La connaissance de la culture nécessaire

Si je reprends ce que dit Fatima concernant le manque de soins psychologiques apportés aux jeunes migrants, j'ai envie de répondre que la psychiatrie et la pédopsychiatrie ainsi que des lieux de consultations, sont saturés. Pour tous les enfants que nous accueillons, c'est un dilemme, L’État ayant sacrifié l’hôpital psychiatrique et tout le travail de secteur. On en paye les conséquences tous les jours. Nous n'avons pas le choix, lorsque nous accueillons un enfant, un jeune, dans notre structure, il va falloir penser l'institution pour penser le sujet. Quand on accueille un enfant à la MECS, nous nous mettons en lien avec ceux qui l'ont connu : la famille ... puis en équipe, on va se mettre en lien avec un interprète si nécessaire, prendre connaissance de la culture du pays, rencontrer des médiateurs culturels.

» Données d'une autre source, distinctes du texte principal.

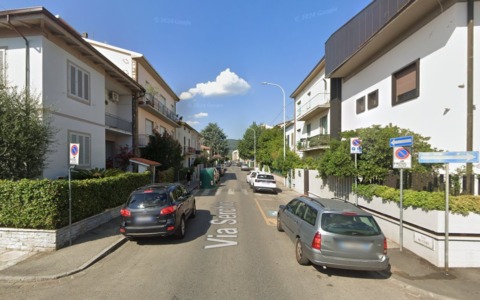 Incidente stradale in via Serchio: un’auto si ribalta dopo il collisione con altri veicoli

C'est une nécessité pour nous dans l'équipe pour déjà commencer à comprendre dans quel bain de langage est l'enfant.

Un enfant, qui est guinéen, son père l'a extrait (il l'explique comme ça) de Guinée, à cause d'Ebola. Il est venu chez une tante (en France) et il est maltraité.. C'est un enfant qui est d'abord accueilli en urgence au foyer de l'enfance, et après 8 mois, il arrive à la MECS. Quand je prends contact avec le foyer de l'enfance, les collègues me disent qu'il a perdu sa mère et qu'ils ont essayé de travailler avec le père à distance pour lui signifier la perte de sa mère. Son père lui a donc dit que sa mère était décédée et l'enfant était en souffrance. Lorsque je rencontre cet enfant avec l'éducateur, je me mets en contact avec Guinée-France et grâce au réseau je rencontre un médiateur culturel qui m'explique que la mère dont il parle n'est pas forcément sa mère biologique et qu'il est important de remettre les choses en lien et en place.

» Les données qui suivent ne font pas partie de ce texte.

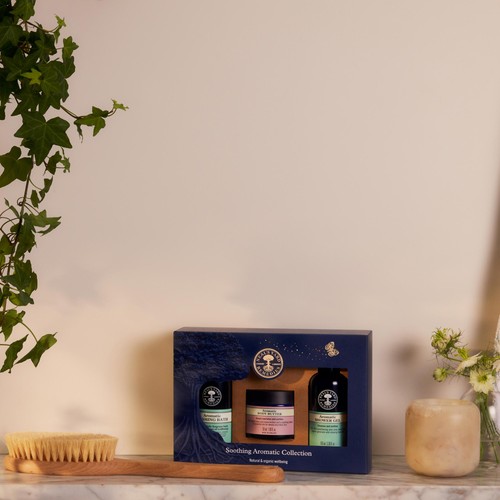 Neal's Yard Soothing Aromatic Collection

Il a été élevé certainement par un groupe de femmes, mère et tantes. On contacte donc le père et on lui demande, quand il arrivera en France (lors d'une de ses visites), d'amener des photos. Lors des entretiens entre le père et l'enfant, quand nous demandons au père de montrer la photo de la mère décédée, l'enfant dit qu'il ne connaît pas cette femme. Il a été élevé par une tante, qui, pour lui, est sa mère. On voit bien comment, aller chercher et en comprendre quelque chose peut nous éviter le pire. Cela nous a paru énorme quand on l'a appris, par rapport à l'impact sur l'enfant. Les collègues, auparavant, ont pensé franco-français, culture judéo-chrétienne. La question du langage et de la culture est quelque chose d’extrêmement important.